Entries provided —
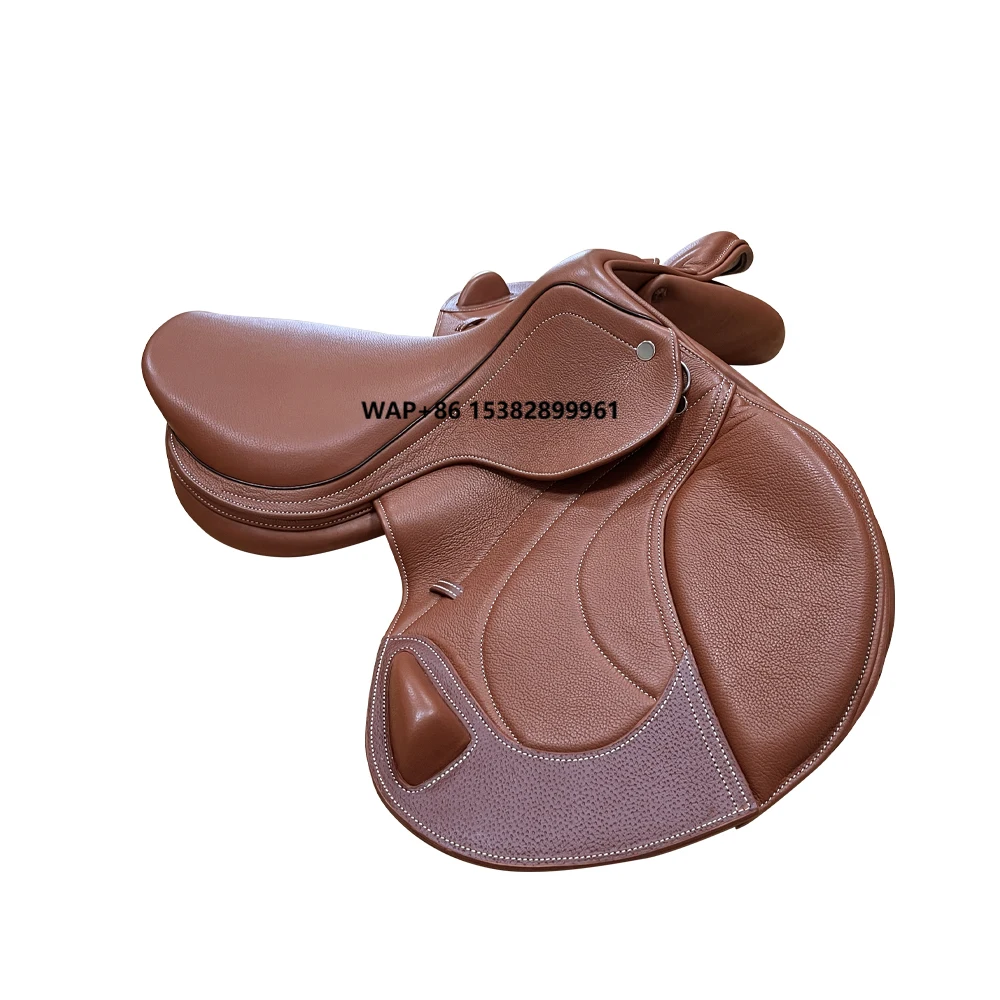 

High Quality Horse Riding Saddle English Style Leather Horse Saddle Coffee Color Saddle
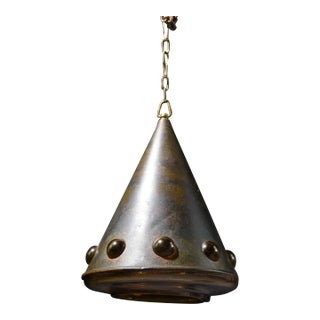 Mid 20th Century Danish Hand Blown Amber Glass & Metal Pendant For Sale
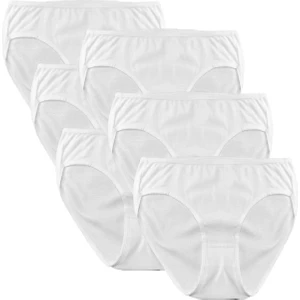 Kadın Pamuklu Penyesi Ribana Bikini Normal Bel Slip Klasik Beyaz Biyli Külot 6'lı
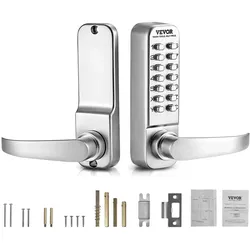 VEVOR Mechanische Schlüsselloses Türschloss 14 Tasten Silber mit Griff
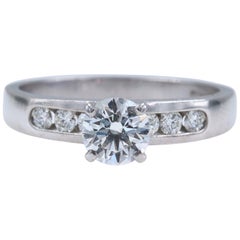 Hearts on Fire Seven Stone Diamond Engagement Ring Round 0.79 ct 18k White Gold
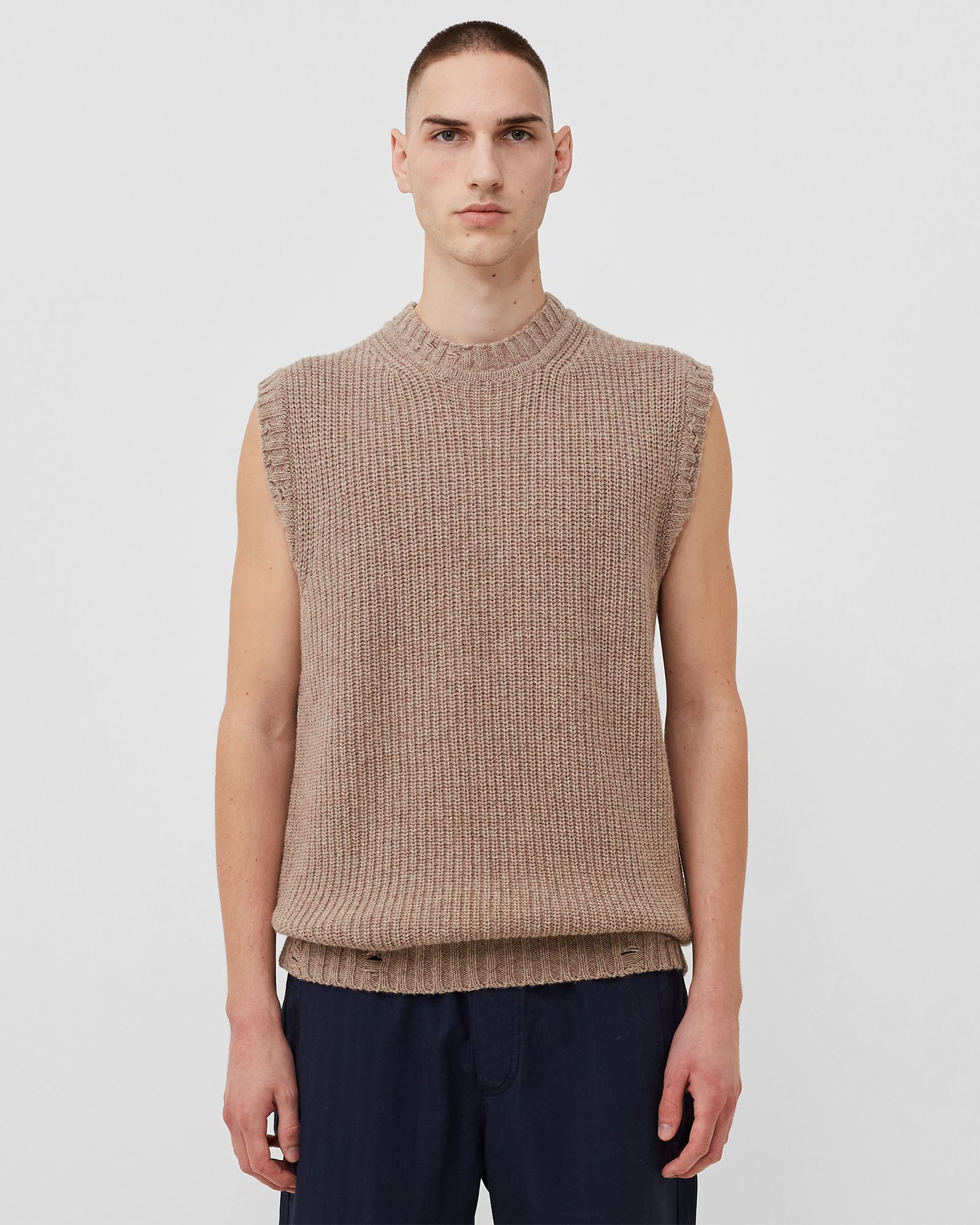 Wool Long Knitted Vest Distressed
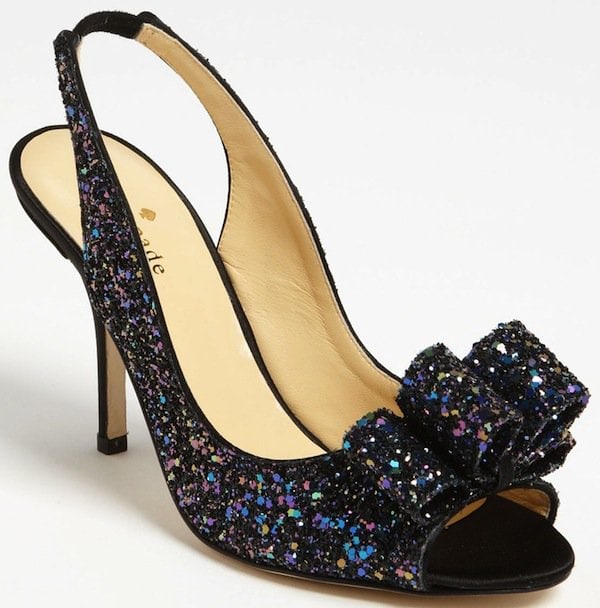 Kate Spade "Charm" Slingback Pump in Black Multi Glitter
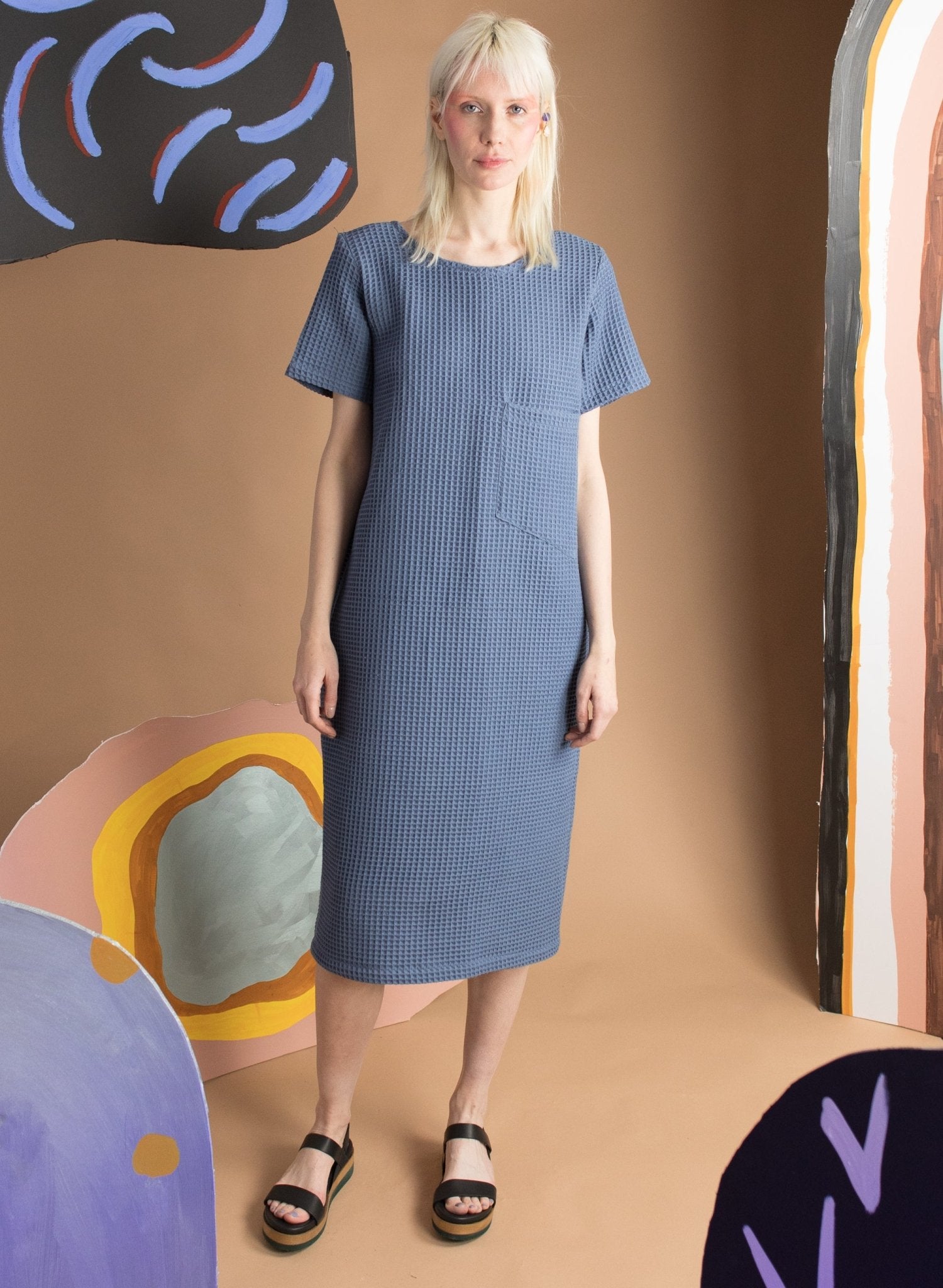 Pocket T-Shirt Dress - Steel Blue (PRE - ORDER) - Meg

Task item — The records must be copied with no word altered, and without their pictures.

Result —
High Quality Horse Riding Saddle English Style Leather Horse Saddle Coffee Color Saddle
 Mid 20th Century Danish Hand Blown Amber Glass & Metal Pendant For Sale
 Kadın Pamuklu Penyesi Ribana Bikini Normal Bel Slip Klasik Beyaz Biyli Külot 6'lı
 VEVOR Mechanische Schlüsselloses Türschloss 14 Tasten Silber mit Griff
 Hearts on Fire Seven Stone Diamond Engagement Ring Round 0.79 ct 18k White Gold
 Wool Long Knitted Vest Distressed
 Kate Spade "Charm" Slingback Pump in Black Multi Glitter
 Pocket T-Shirt Dress - Steel Blue (PRE - ORDER) - Meg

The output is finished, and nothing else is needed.